▶ [Assignment]: Beneath this line sits some data. Return only its lines from the one holding "HSD160PHW1 HSD160PHW1-B00 LTN160AT06" through the one holding "Kidsworld Langarmshirt in", inclusive, exactly, with the images removed.

▶ [Material provided]:
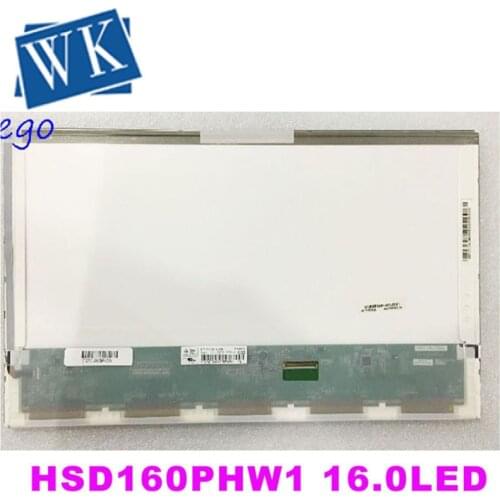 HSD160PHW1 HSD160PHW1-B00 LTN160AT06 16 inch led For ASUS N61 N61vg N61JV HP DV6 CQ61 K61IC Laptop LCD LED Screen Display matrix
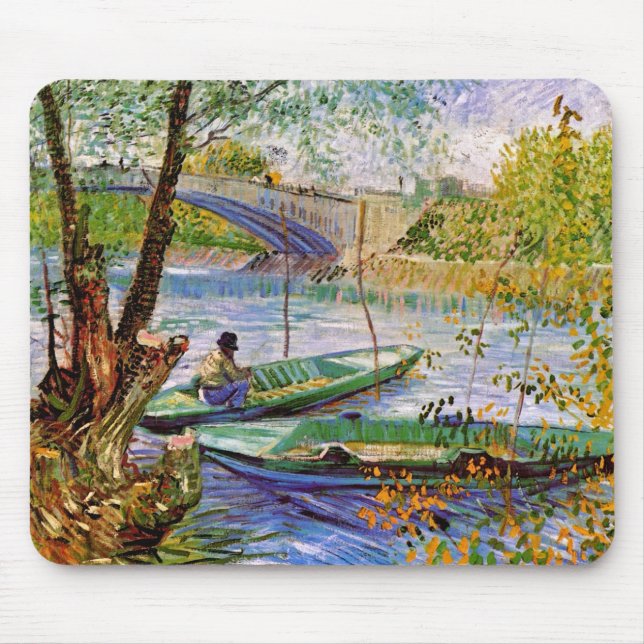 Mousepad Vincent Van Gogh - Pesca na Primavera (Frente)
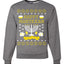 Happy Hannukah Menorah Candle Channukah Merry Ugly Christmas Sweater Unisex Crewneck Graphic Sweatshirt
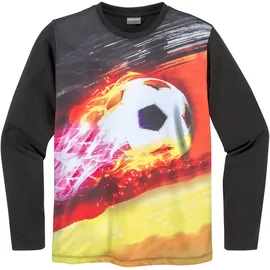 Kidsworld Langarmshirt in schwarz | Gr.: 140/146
--
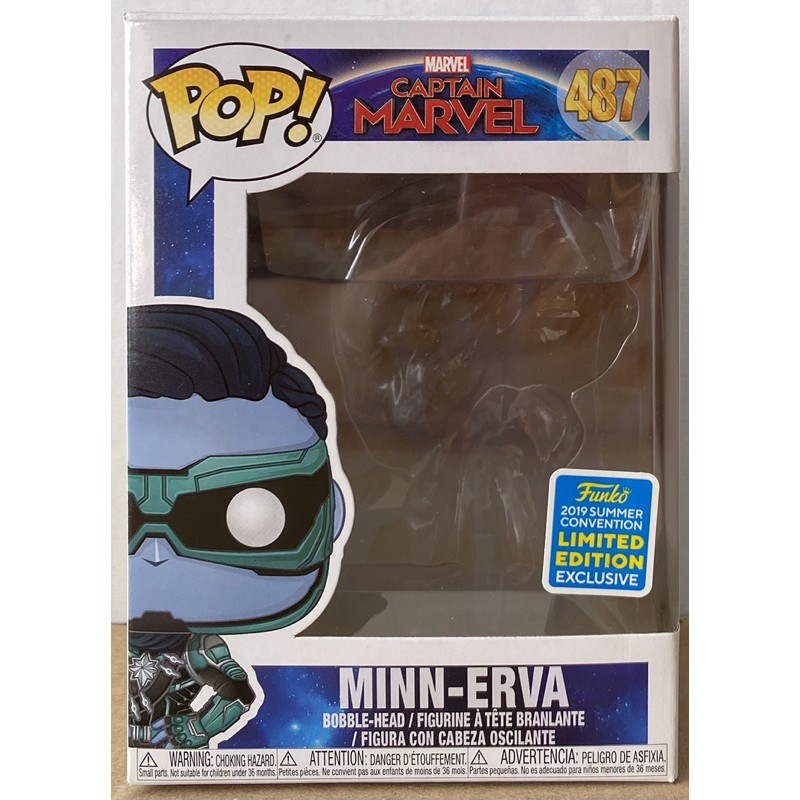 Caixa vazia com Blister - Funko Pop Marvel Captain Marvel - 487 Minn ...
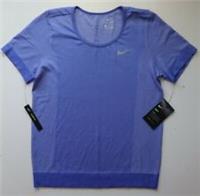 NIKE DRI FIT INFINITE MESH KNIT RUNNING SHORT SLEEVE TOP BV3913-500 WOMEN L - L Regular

▶ [Completed task]:
 HSD160PHW1 HSD160PHW1-B00 LTN160AT06 16 inch led For ASUS N61 N61vg N61JV HP DV6 CQ61 K61IC Laptop LCD LED Screen Display matrix
 Mousepad Vincent Van Gogh - Pesca na Primavera (Frente)
 Happy Hannukah Menorah Candle Channukah Merry Ugly Christmas Sweater Unisex Crewneck Graphic Sweatshirt
 Kidsworld Langarmshirt in schwarz | Gr.: 140/146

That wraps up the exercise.